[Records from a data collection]
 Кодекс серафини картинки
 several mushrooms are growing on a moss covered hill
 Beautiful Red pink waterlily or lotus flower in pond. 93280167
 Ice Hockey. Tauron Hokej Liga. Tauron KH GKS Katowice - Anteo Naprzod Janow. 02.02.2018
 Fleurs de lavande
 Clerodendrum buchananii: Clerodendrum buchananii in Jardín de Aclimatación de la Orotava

==

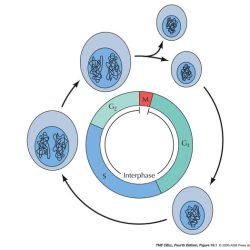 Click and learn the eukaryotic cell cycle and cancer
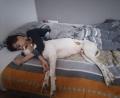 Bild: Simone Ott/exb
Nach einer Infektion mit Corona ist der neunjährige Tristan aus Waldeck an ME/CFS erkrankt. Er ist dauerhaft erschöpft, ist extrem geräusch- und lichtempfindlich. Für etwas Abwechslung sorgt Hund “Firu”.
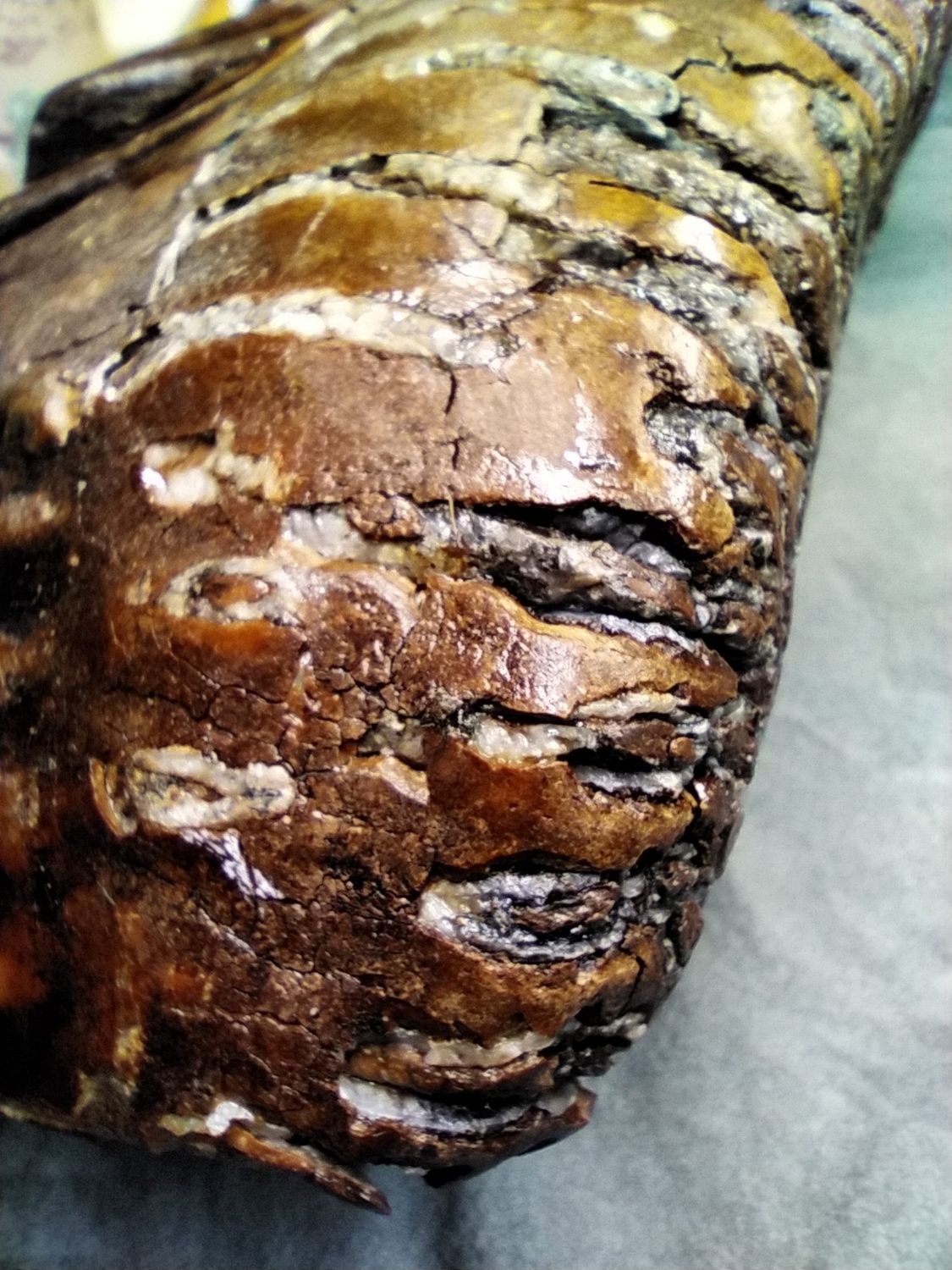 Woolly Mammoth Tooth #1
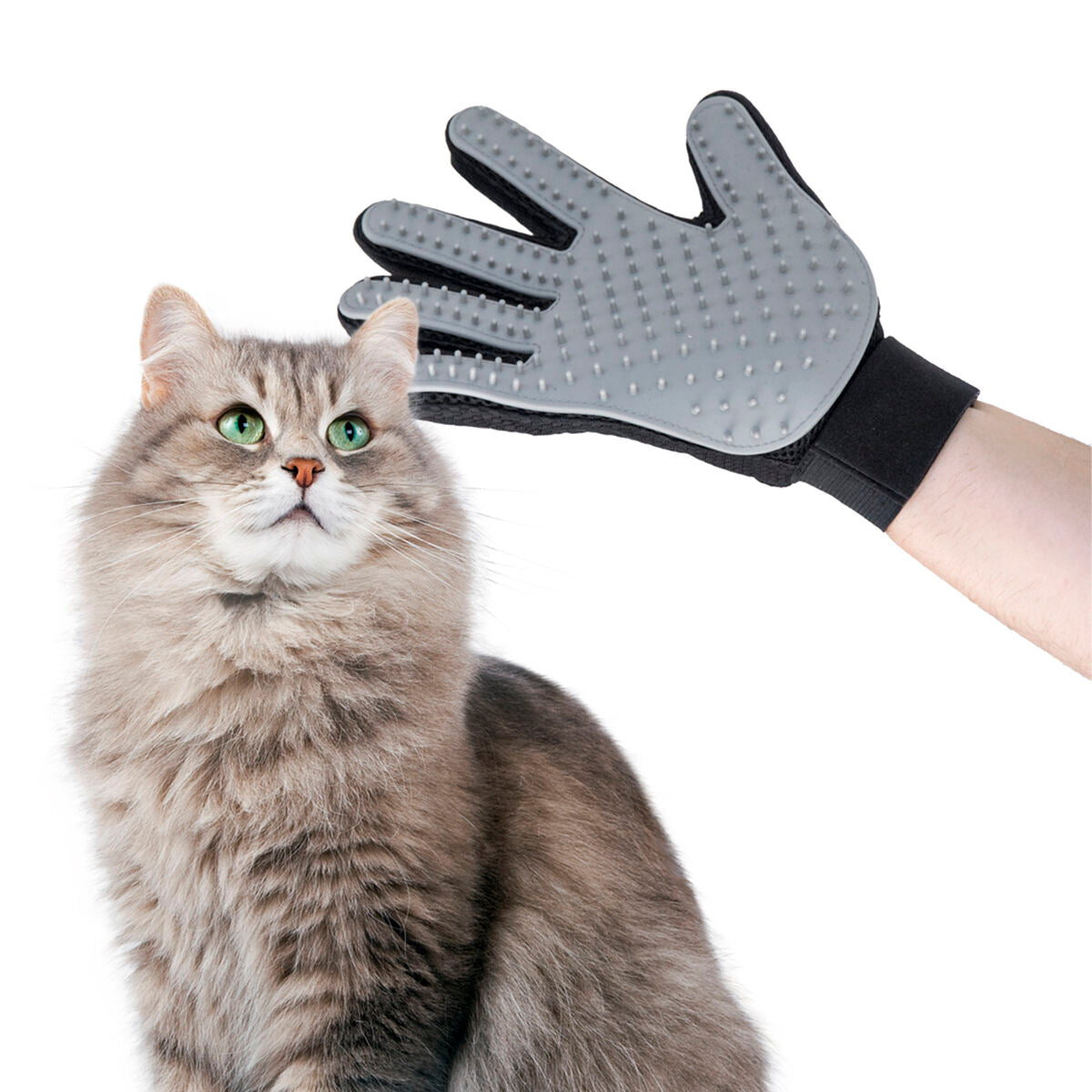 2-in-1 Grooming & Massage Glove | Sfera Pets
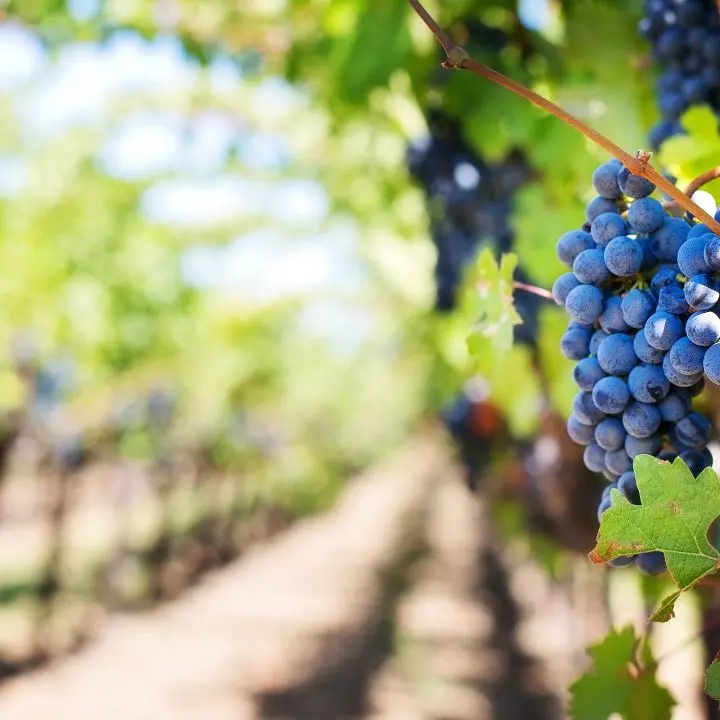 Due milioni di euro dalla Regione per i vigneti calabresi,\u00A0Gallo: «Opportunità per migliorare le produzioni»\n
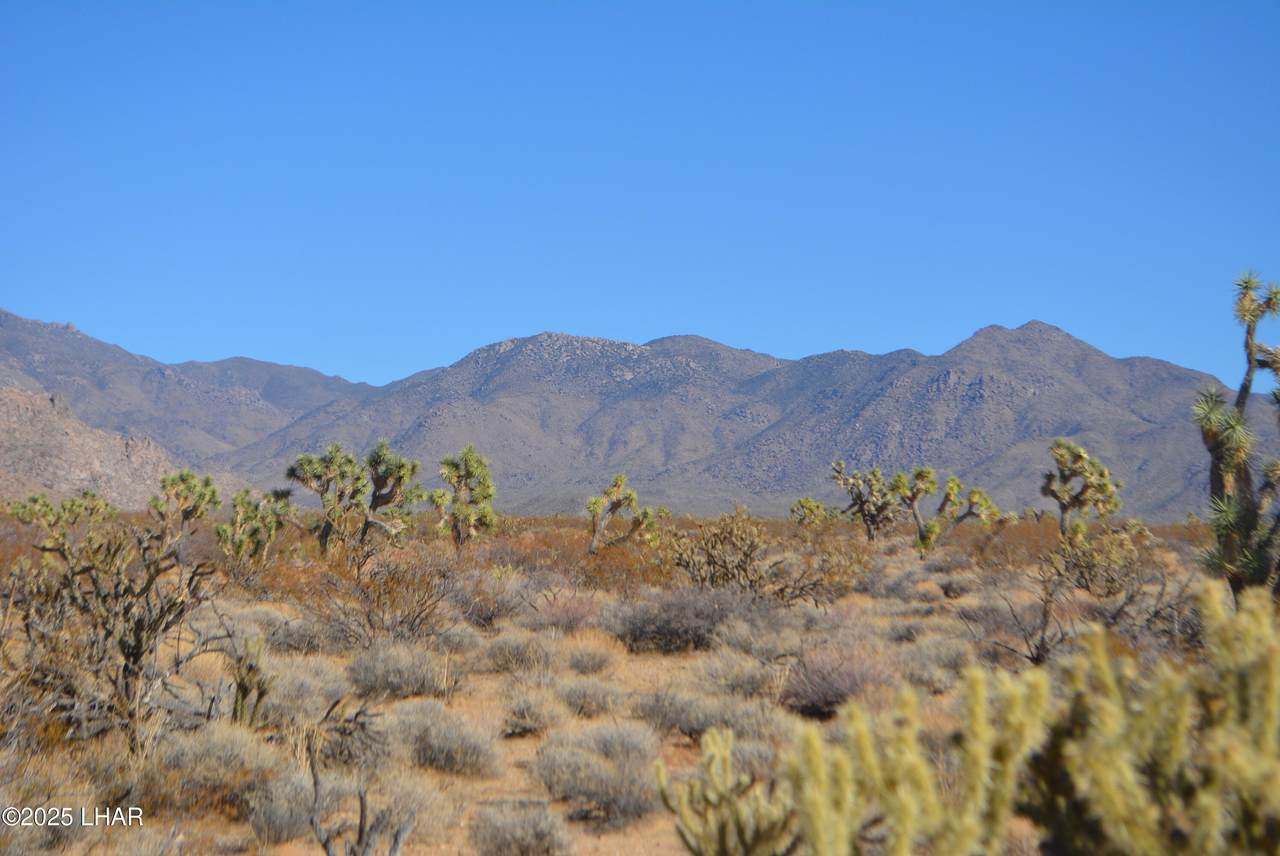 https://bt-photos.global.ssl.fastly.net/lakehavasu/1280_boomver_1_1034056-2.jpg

---

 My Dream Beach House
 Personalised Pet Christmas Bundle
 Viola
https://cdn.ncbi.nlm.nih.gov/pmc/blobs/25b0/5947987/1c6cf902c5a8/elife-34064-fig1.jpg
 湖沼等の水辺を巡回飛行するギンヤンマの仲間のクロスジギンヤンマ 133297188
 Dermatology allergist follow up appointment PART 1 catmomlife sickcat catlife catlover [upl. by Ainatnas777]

— ACTIVITY —
Only the lines above from the line containing "Ice Hockey. Tauron" through the line containing "Clerodendrum buchananii: Clerodendrum" should be retyped, exactly and with both ends included.

— TASK SOLUTION —
 Ice Hockey. Tauron Hokej Liga. Tauron KH GKS Katowice - Anteo Naprzod Janow. 02.02.2018
 Fleurs de lavande
 Clerodendrum buchananii: Clerodendrum buchananii in Jardín de Aclimatación de la Orotava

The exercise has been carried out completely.